With the help of friends and Malone staff, kids learned about wildlife, the food chain, ecosystems in Nebraska and conservation storytelling. They learned about camping and took a field trip to set up tents, build a fire and make s’mores. They helped clean up trash around Holmes Lake. And they learned about fishing, later taking another field trip to a private pond near Lincoln where every kid who went caught a fish. During the spring semester, he worked with the Lincoln Community Learning Center to put on after-school programs at three Lincoln schools.
Riley is working with the Malone Center again this summer. “We have a lot of kids who love going outside and love being outdoors but don’t really have the education or the parental guidance to learn or experience what is right in their backyard of Lincoln,” said Cristian Clinton, youth supervisor at the center.
“Elijah loves doing what he does.
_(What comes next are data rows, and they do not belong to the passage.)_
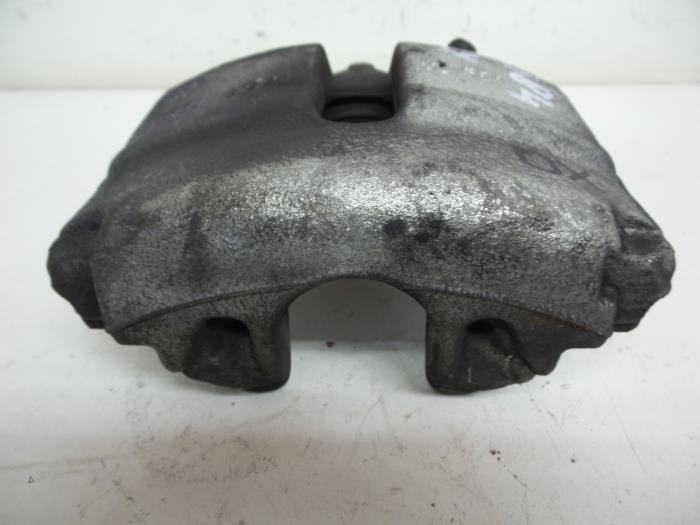 Front brake calliper, left from a Audi A1 Sportback (8XA/8XF) 1.4 TFSI Cylinder on demand 16V 2014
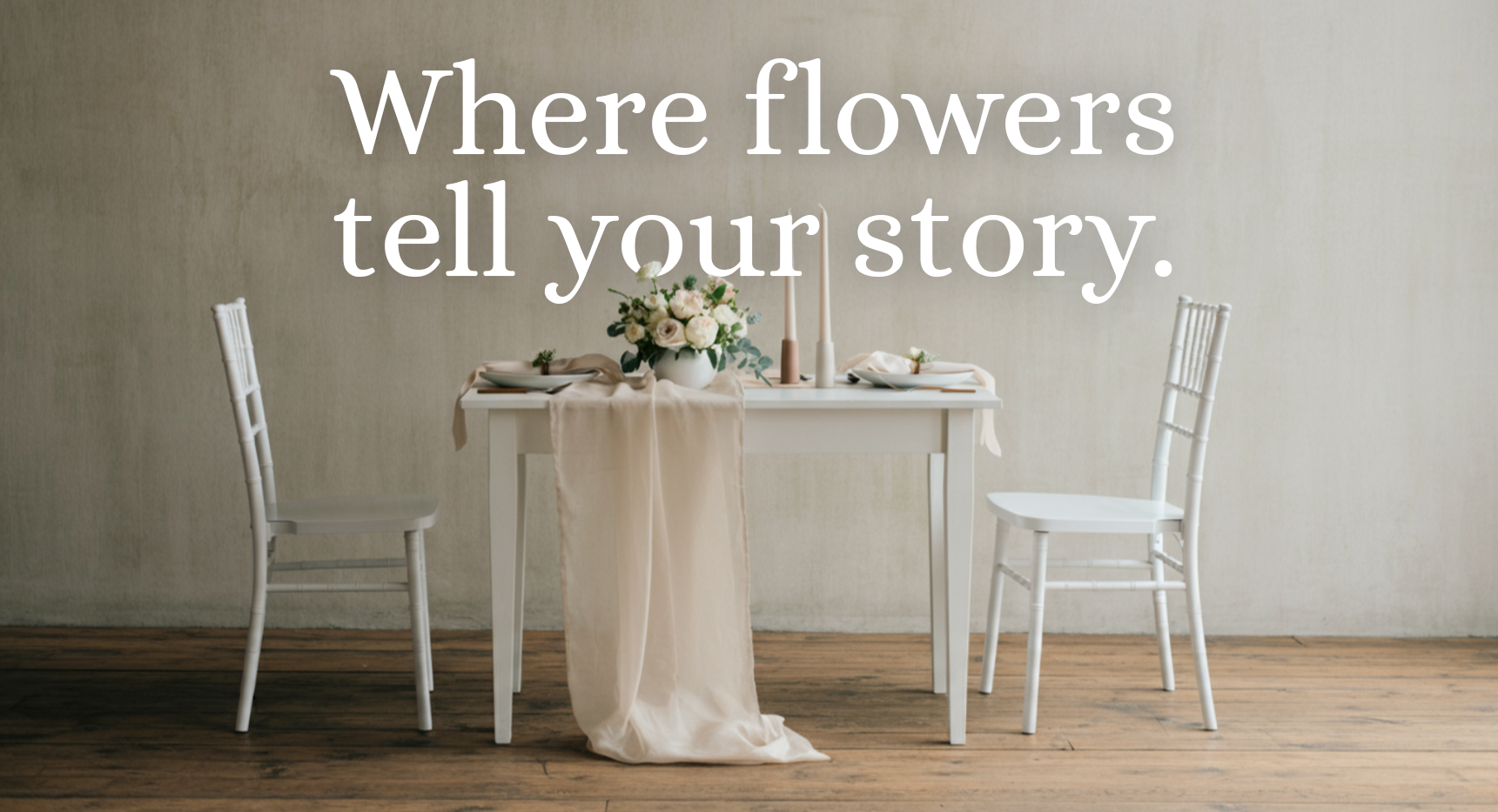 A white dining table with a beige tablecloth, floral centerpiece, and candles, set against a plain wall with the text 'Where flowers tell your story.'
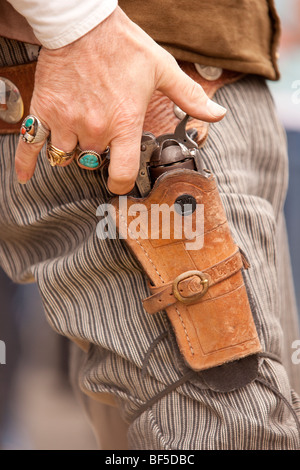 Creetown Country Music Festival, close up photograph of cowboys hand awaiting to draw gun in fastest draw competition. Dumfries Stock Photo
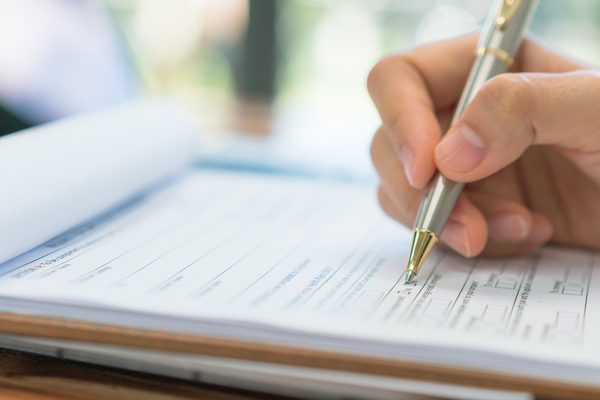 Property Management Staff filling out an Application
He does great with the kids. He takes his time with the lesson plans, so being able to see that and then see the kids gravitate toward the lessons and the things that he’s teaching them is just something that we loved and want to continue doing here at the Malone Center. He’s left a lasting impression on some of our kids for sure.”
Next Steps
Riley is working to establish a nonprofit through which he will deliver these environmental education programs, and he has even grander aspirations. He hopes within three years he can have the program in every elementary, middle and high school in Lincoln, and that some of the younger students who participate will become mentors when they get older. From there, he hopes to expand to schools in Omaha and beyond. Eventually, he hopes the program will grow to the point that it can be his full-time job — his career.
His enjoyment of the outdoors and the pleasure of seeing kids enjoy his programs are what drives him. That was evident during a fishing trip he took with the Malone Center students last summer, when all 14 kids caught a fish, most of them their first. Riley, with the help of fellow UNL students, managed the chaos with patience and ease.
“It was just so much fun to see their excitement,” Riley said. “That right there reminded me of all those times when I was a kid, catching fish with my dad and just being on the highest level, on cloud nine, just excited. And seeing those kids go through that same thing re-sparked those emotions, and it makes me happy.”
A Lasting Impact
Hunters and anglers are predominantly white, making up more than 77 and 75 percent of the participants, respectively. African Americans make up 11 percent of hunters and anglers nationally. Just 4 percent of African Americans hunt and 12 percent fish, compared to 6 percent and 17 percent of whites. Participation among Hispanics also trails whites, while a greater proportion of Asian Americans hunt and fish.
Elijah Riley’s work could help change those numbers in Nebraska. But even if it doesn’t, it will make a lasting impact for those he’s teaching and mentoring.